The two sides were unable to overcome stumbling blocks related to a capital injection in Monte Paschi and the businesses that would be transferred to UniCredit in the deal, people with knowledge of the matter said. 

The hurdles meant that they couldn’t take forward a July agreement that the deal would be capital neutral for UniCredit and help the bank generate higher profit, the people said.

UniCredit Chief Executive Officer Andrea Orcel and Draghi’s government had been haggling for months on the terms of a complex deal that involved breaking Monte Paschi up and the state taking a stake in the Milan-based lender. With the two sides unable to come to terms, uncertainty remains for the 21,000 employees of the historic Siena-based bank. 

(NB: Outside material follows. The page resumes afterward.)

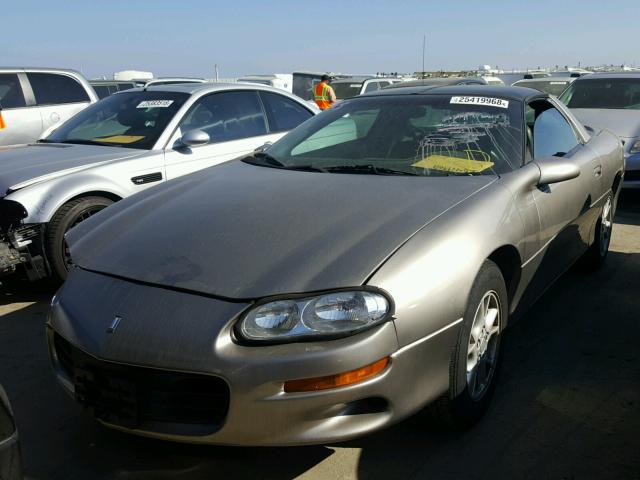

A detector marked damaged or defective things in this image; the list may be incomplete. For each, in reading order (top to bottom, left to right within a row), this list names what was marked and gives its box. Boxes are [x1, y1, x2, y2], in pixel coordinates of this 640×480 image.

crumpled front end [0, 199, 47, 282]
damaged silver sedan [47, 86, 624, 446]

The biggest point of contention was the amount of capital that Monte Paschi needed before being transferred to UniCredit. The bank had argued it needed about 7 billion euros to restore Monte Paschi’s capital buffers and cover the costs of job exits. That was about three times higher than the initial estimate of the Treasury.

In seeking to break up Monte Paschi, Draghi had aimed at bringing a turbulent chapter in Italian banking history to a close, after multiple bailouts, criminal charges and nationalization for the 500-year-old Tuscan lender. The transaction would also have marked the first major deal for Orcel since taking over at UniCredit in April, with his reputation as an international M&A banker having stoked expectations that he’ll start a shakeup in the sector. 

‘Change of Heart’

Both sides had been hoping for a formal agreement by the time UniCredit reports third-quarter earnings on Thursday. Orcel will now push forward with his business plan in November without details on how to turn around Monte Paschi.

“While there is still some possibility that either side could yet have a change of heart, UniCredit’s decision offers further evidence that management are strongly focused on shareholder value,” Jefferies analysts Benjie Creelan-Sandford and Marco Nicolai wrote in a note.

The failure of talks adds to an eventful first six months in charge for the former UBS Group AG investment banking head, named to head the bank after a power struggle that prompted the ouster of ex-CEO Jean Pierre Mustier.

Since taking over, Orcel has reshuffled top management and pledged to make the bank simpler. In May, he shocked investors with a decision to skip a coupon payment on $3.6 billion of hybrid bonds due later that month, an abrupt u-turn after the lender had reiterated just weeks earlier it intended to pay.

The Italian government still needs to find a solution for Monte Paschi by the end of the year, according to European Union demands that it divest its stake by that time.